Raspi Hackbox

Raspi Hackbox is a Debian-based Raspberry Pi image that transforms your Pi into a portable hacking lab.
It comes preloaded with:

• A lightweight i3 desktop environment
• zsh shell for productivity
• A curated set of offensive security tools

The toolkit is tailored for IoT, OT, and automotive hacking, making it ideal for pentesters, researchers, and enthusiasts who want a ready-to-go hacking environment.

---

🚀 Building an Image

Clone this repository:

git clone --recursive https://github.com/w1ld3r/Raspi_Hackbox
cd Raspi_Hackbox

Dependencies

Make sure you are running Debian Trixie (13) or higher. Install the required packages:

sudo apt install -y \
 vmdb2 dosfstools qemu-utils qemu-user-static debootstrap \
 binfmt-support time kpartx bmap-tools python3 ansible-core \
 fakemachine

Install Ansible collections:

ansible-galaxy collection install community.general

👉 If debootstrap fails with an exec format error, try:

sudo dpkg-reconfigure qemu-user-static

This re-registers the format handler with binfmt-support.

---

Building with Makefile

This repo includes a build recipe: rpi4_trixie.yaml, which defines the preinstalled environment and hacking tools.

A Makefile automates the build:

sudo make rpi4_trixie.img

• Uses vmdb2 + ansible under the hood
• Can run unprivileged if fakemachine is available
• Requires sudo otherwise

📖 vmdb2 documentation for more details.

---

🐳 Building in a Container

If you prefer Docker, ensure your container has at least:

• 8 GB RAM
• 60 GB disk space

Install required packages:

sudo apt install -y binfmt-support qemu-system-common qemu-user-static docker-compose

Build and run the container:

sudo docker-compose up -d --build

---

💾 Installing the Image on an SD Card

Insert your SD card (⚠️ this will erase all data).
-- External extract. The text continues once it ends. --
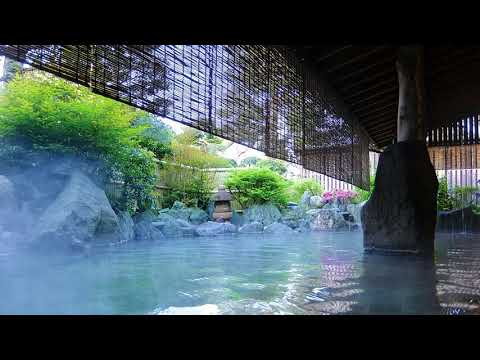 Japanese Hot Springs on a Rainy Day | Rain Sounds for Relax, Sleep, Work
Assuming the device is /dev/sdb, flash the image:

Using bmap-tools (faster, recommended)

bmaptool copy rpi4_trixie.img.xz /dev/sdb

Using dd with compressed image

xzcat rpi4_trixie.img.xz | dd of=/dev/sdb bs=64k oflag=dsync status=progress

Using dd with uncompressed image

dd if=rpi4_trixie.img of=/dev/sdb bs=64k oflag=dsync status=progress

---

🛠️ Post-Install Setup

The image contains:

• Partition 1 → RASPIFIRM (boot firmware + kernel)
• Partition 2 → RASPIROOT (Debian system)
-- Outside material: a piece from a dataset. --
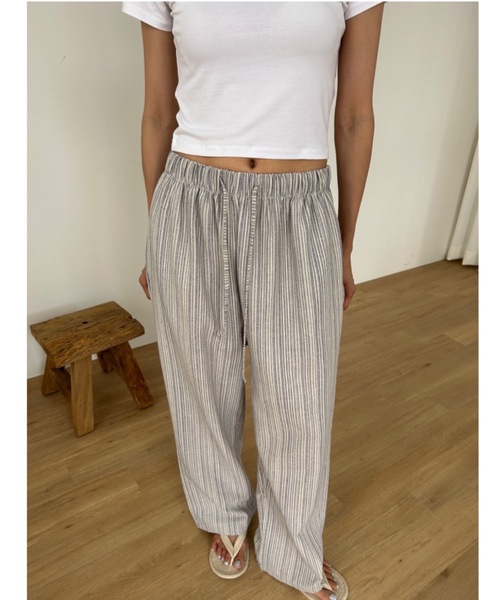 Didot.showroom(ディドット ショールーム)の「リネンストライプワイドパンツ(スラックス・レディース・ブルー/ブラック・FREE)」の8枚目の写真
You should expand the root partition and create a swap partition

sudo parted /dev/sdb
(parted) help
(parted) print
(parted) mkpart primary linux-swap -4096 -0
(parted) resizepart 2 -4096
(parted) quit

sudo mkswap -L RASPSWAP /dev/sdb3
sudo e2fsck -f /dev/sdb2
sudo resize2fs /dev/sdb2

Swap is already configured in /etc/fstab. Verify with:

free -h

---

🔌 First Boot

• Default hostname: rpi4-YYYYMMDD
• Default user: user
• Default password: user

Insert the SD card, power up your Pi, and you’re ready to go.

⚡ Hack responsibly — with great power comes great responsibility.